--- RECORDS TO USE ---
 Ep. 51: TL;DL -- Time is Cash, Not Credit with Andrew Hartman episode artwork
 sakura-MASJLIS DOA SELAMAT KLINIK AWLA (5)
---
--- RECORDS TO USE ---
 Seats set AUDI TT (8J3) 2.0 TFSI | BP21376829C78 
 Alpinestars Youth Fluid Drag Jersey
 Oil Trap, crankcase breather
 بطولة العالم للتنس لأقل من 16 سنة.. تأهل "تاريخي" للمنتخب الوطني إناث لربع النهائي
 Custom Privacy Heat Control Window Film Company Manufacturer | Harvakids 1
---
Look back at the entries above and repeat, unchanged, every line from the line holding "Ep. 51: TL;DL" through the line holding "sakura-MASJLIS DOA SELAMAT KLINIK AWLA (5)".

*RESULT FOR THIS EXERCISE*:
 Ep. 51: TL;DL -- Time is Cash, Not Credit with Andrew Hartman episode artwork
 sakura-MASJLIS DOA SELAMAT KLINIK AWLA (5)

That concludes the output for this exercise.